美容・サロン業向け施術カルテ管理システムとは何ですか?

美容・サロン業向け施術カルテ管理システムの全体像

美容・サロン業向け施術カルテ管理システムは、顧客情報、カウンセリング内容、施術履歴、薬剤や商材、仕上がり写真、注意事項、同意書などを、顧客ごとにまとめて管理する業務システムです。一般の医療機関向け電子カルテとは目的や法的な位置づけが異なりますが、肌・頭皮の状態、アレルギー、既往歴などを扱う場合は、個人情報として慎重な管理が必要です。

施術の再現性と引き継ぎを高めるデータ基盤です

カルテには、来店日や担当者だけでなく、髪質・肌質、使用した薬剤、色、施術時間、仕上がり、顧客の希望、避けるべき施術などを記録します。写真に手書きで印を付けたり、前回カルテを複製して入力したりできると、施術中の入力時間を抑えながら記録の粒度をそろえられます。担当者が休みの日や退職した後でも、次のスタッフが前回の判断を確認できる点が、紙カルテとの大きな違いです。

予約からフォローまでの業務をつなげます

実際の業務では、予約受付、来店、カウンセリング、施術、写真撮影、会計、次回提案、来店後フォローが別々に管理されがちです。施術カルテを予約・POSと連携すると、予約情報や顧客情報を再入力せずに済み、会計後の来店周期やメニュー別の再来店状況も分析しやすくなります。個人サロンではカルテ専用型、複数店舗ではPOS一体型や本部管理機能付きが検討しやすいというように、店舗規模で必要な構成が変わります。
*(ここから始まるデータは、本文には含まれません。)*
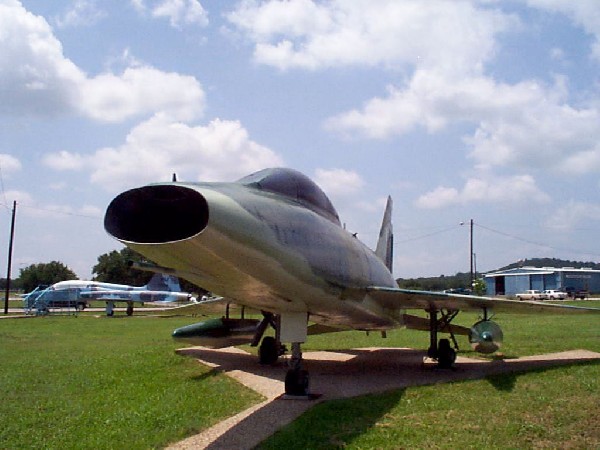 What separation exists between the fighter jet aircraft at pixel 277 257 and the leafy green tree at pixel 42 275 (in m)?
100

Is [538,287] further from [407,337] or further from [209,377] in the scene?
[209,377]

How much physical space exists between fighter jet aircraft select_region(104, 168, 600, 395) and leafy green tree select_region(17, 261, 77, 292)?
10018 cm

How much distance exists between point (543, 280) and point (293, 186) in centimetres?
9276

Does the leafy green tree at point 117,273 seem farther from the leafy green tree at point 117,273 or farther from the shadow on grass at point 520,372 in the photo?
the shadow on grass at point 520,372

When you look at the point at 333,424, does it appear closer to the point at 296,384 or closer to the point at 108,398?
the point at 296,384

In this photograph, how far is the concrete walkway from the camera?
7129 mm

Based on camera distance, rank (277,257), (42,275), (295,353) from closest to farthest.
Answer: (277,257) < (295,353) < (42,275)

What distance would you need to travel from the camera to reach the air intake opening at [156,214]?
17.9ft

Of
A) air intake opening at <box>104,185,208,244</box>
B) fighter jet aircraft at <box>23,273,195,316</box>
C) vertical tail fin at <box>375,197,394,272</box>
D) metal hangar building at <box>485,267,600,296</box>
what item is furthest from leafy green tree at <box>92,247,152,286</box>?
air intake opening at <box>104,185,208,244</box>

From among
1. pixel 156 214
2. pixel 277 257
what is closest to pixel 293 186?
pixel 277 257

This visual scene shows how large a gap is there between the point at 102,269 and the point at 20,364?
83.9 m

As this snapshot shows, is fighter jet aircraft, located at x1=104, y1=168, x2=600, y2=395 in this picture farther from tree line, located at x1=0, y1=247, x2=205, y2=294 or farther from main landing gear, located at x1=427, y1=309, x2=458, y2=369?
tree line, located at x1=0, y1=247, x2=205, y2=294

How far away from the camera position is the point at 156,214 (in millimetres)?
5660

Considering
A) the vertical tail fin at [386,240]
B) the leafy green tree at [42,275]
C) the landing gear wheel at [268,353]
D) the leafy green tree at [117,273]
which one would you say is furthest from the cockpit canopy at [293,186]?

美容・サロン業向け施術カルテ管理システムの費用相場はいくらですか?

施術カルテ管理システムの費用相場

費用相場は、既製クラウドを利用するか、既存サービスを組み合わせるか、自社仕様で開発するかによって大きく分かれます。公開料金を確認できるサロン向けサービスでは、初期費用0〜12万円程度、月額5,000〜17,000円程度が入口の価格帯です。一方、独自開発は公開料金の平均ではなく、機能範囲から算出した企画用の推定として、300万〜3,000万円以上の幅で検討します。

既製クラウドは初期0〜12万円程度、月額5,000〜17,000円程度です

既製クラウドは、提供会社が用意した顧客台帳、電子カルテ、写真保存、予約、POS、売上集計などを、月額料金で利用する方式です。中小機構の「ここからアプリ」で確認できるAionyは、月額5,000円からの案内があり、製品情報では初期導入コスト22,000円(税込)、ランニングコスト5,500円(税込)と掲載されています(出典: 中小企業基盤整備機構「ここからアプリ」Aiony、2026年8月確認)。この例を12カ月使うと、単純計算で初年度約8.8万円となりますが、端末や追加オプションは別に確認する必要があります。

BEAUTY POSは公式料金ページで、基本料金を初期費用3万円、月額8,000円と案内し、電子カルテパッケージは初期12万円、月額1.3万円と掲載しています。初回契約時には導入サポートパック7万円が必須とされているため、電子カルテを使う場合は基本料金だけでなく、パッケージとサポートを合わせて比較します(出典: 株式会社クラウドビューティ「BEAUTY POS」料金ページ、2026年8月確認)。税区分、最低契約期間、写真容量、予約媒体連携の有無も、見積もり前に確認する項目です。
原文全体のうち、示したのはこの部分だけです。